Looking for a good book? With the Columbus READS: One City, One Book initiative, you can read along with the entire city.
Image courtesy of the Columbus Metropolitan Library
The program, a collaborative effort between the Columbus Metropolitan Library, Mayor Michael B. Coleman, and Columbus City Schools, encourages all central Ohioans to read Wil Haygood’s Showdown: Thurgood Marshall and the Supreme Court Nomination that Changed America by Nov. 12.
Marshall was the first black man to serve as a Supreme Court justice and also the founder of the NAACP Legal Defense and Educational Fund. Showdown focuses on the grueling five-day hearing Marshall endured before his official appointment to the Supreme Court.

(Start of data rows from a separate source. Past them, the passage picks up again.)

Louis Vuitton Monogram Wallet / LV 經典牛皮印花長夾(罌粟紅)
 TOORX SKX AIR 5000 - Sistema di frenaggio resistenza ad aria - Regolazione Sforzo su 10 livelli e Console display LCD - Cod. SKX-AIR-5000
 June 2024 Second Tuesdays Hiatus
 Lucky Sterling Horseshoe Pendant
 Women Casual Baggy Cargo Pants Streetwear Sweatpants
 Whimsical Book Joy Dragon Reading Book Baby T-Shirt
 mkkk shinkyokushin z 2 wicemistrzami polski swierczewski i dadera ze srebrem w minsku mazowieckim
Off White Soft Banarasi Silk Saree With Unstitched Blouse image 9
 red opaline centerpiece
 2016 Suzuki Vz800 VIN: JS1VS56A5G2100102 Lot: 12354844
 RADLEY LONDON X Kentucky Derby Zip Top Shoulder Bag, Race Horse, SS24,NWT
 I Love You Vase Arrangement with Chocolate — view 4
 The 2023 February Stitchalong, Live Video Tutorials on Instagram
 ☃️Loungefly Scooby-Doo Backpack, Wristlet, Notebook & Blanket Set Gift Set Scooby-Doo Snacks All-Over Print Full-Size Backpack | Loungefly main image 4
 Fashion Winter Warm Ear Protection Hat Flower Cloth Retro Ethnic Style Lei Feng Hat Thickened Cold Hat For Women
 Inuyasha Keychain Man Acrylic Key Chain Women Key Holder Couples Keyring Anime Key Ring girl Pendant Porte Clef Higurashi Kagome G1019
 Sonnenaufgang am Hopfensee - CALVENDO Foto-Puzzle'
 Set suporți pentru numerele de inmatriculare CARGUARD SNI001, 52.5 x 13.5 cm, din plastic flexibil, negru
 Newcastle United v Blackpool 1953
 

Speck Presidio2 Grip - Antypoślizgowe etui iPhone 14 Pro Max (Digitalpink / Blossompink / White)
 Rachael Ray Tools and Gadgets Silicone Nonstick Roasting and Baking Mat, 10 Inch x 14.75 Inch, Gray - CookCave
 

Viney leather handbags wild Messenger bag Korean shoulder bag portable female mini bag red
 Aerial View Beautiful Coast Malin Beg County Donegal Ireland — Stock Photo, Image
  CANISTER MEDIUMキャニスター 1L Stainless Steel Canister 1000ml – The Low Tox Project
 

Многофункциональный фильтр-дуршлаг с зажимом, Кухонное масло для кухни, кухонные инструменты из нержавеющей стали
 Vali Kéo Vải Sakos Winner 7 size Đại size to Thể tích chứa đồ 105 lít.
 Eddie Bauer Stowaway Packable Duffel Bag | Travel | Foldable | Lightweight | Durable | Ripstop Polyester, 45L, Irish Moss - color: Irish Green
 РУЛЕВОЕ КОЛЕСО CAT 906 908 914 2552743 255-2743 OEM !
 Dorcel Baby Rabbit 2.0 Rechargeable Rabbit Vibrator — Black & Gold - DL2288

“It’s timely. It’s a great opportunity for Columbus to gather around and discuss topics related to race, prejudices, issues we are very much dealing with as country,” says Ben Zenitsky, marketing & communications specialist at the Columbus Metropolitan Library.
Haygood, a Columbus native and close friend of Mayor Coleman, has written biographies on Adam Clayton Powell Jr., Sammy Davis Jr., and Sugar Ray Robinson, as well the column in the Washington Post that inspired Lee Daniels’ film The Butler.
There will be opportunities to gather for discussion at the end of the initiative.
“We are in the planning phases of a finale event that will take place in November. We hope to get Wil back to Columbus to lead it,” Zenitsky says.
The library has ordered 500 print and digital versions of the book and plans to donate the extras to high school libraries.